GOAL OF THE EXERCISE:
Extract, word for word, each line from the line holding "惊艳全城！紫金山宴会中心隆重" through the end of the records. Omit every picture.

=-=-=

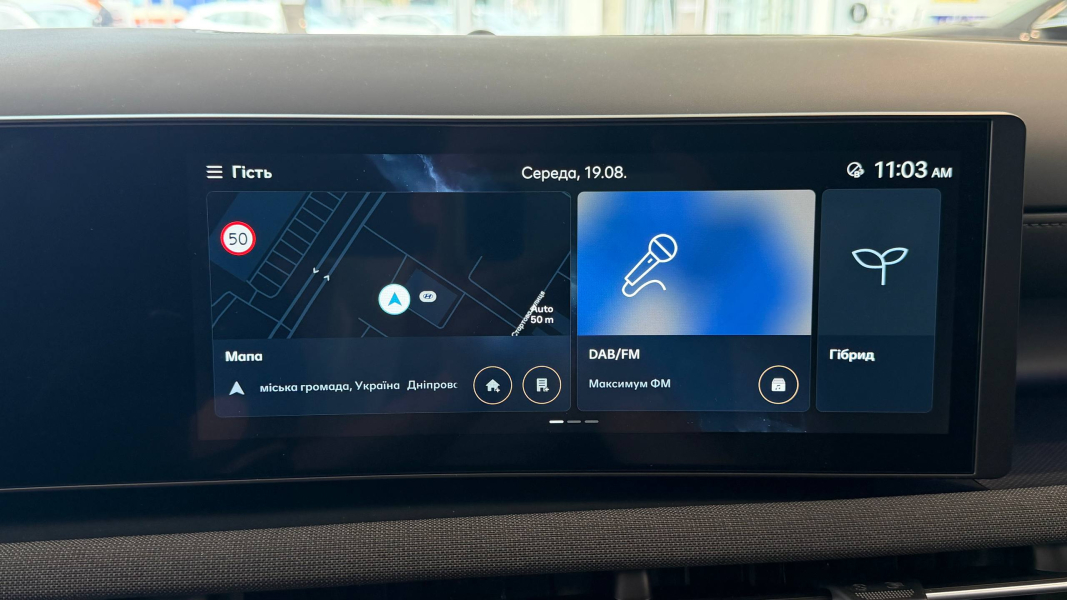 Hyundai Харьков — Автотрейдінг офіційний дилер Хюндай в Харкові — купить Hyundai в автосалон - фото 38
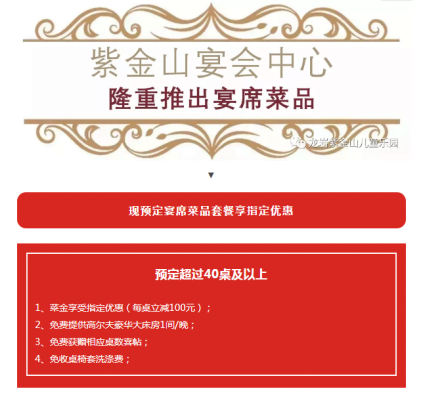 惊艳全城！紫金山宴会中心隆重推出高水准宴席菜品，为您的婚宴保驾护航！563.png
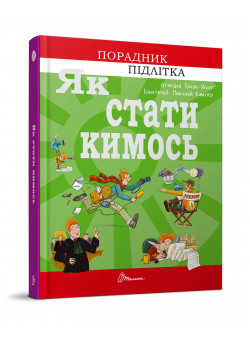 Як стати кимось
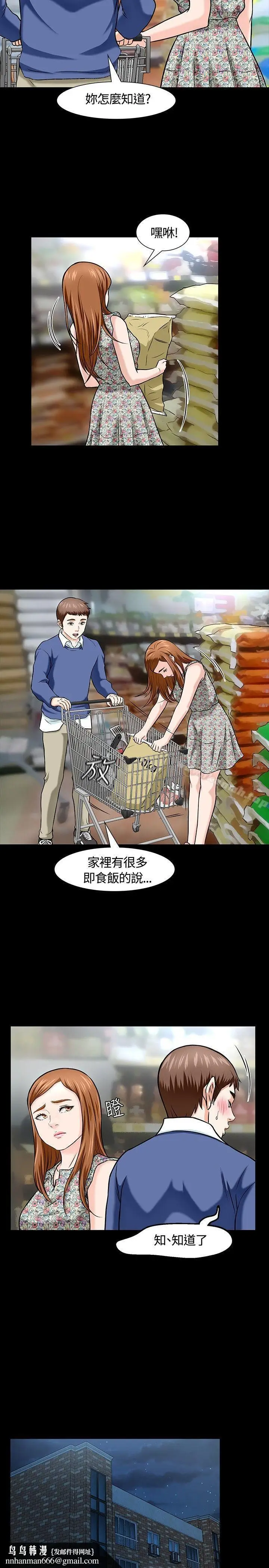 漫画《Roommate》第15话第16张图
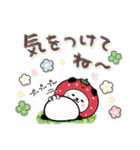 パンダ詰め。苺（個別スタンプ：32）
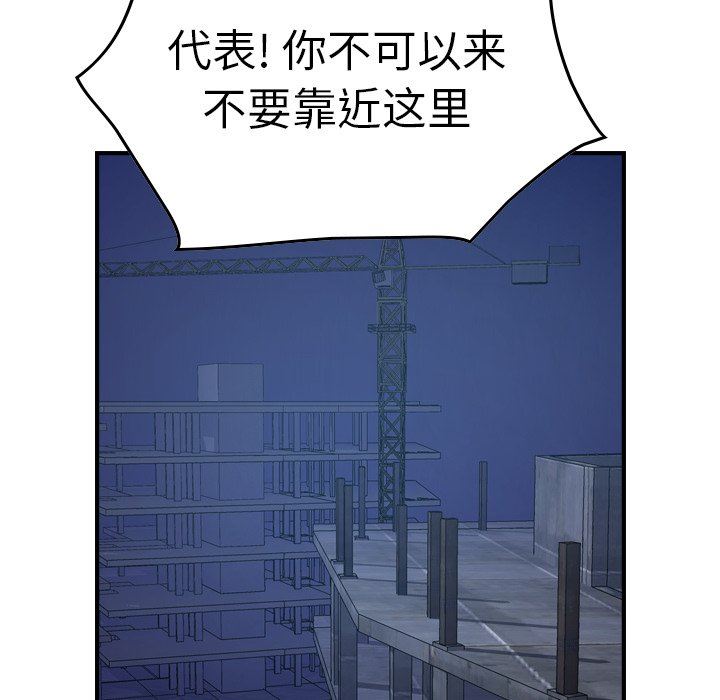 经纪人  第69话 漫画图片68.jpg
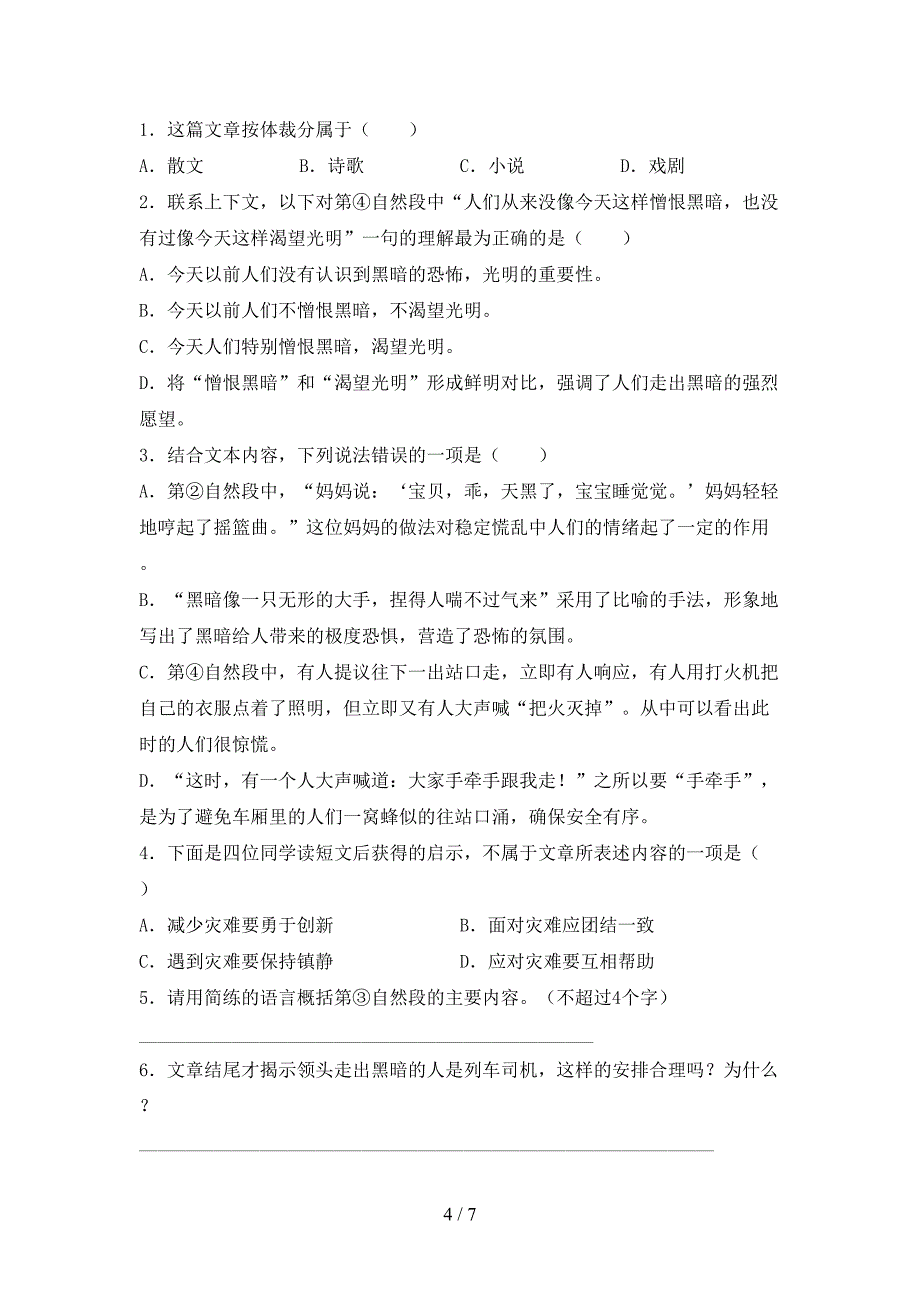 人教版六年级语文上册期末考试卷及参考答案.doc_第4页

=-=-=

ANSWER BELOW:
 惊艳全城！紫金山宴会中心隆重推出高水准宴席菜品，为您的婚宴保驾护航！563.png
 Як стати кимось
 漫画《Roommate》第15话第16张图
 パンダ詰め。苺（個別スタンプ：32）
 经纪人  第69话 漫画图片68.jpg
 人教版六年级语文上册期末考试卷及参考答案.doc_第4页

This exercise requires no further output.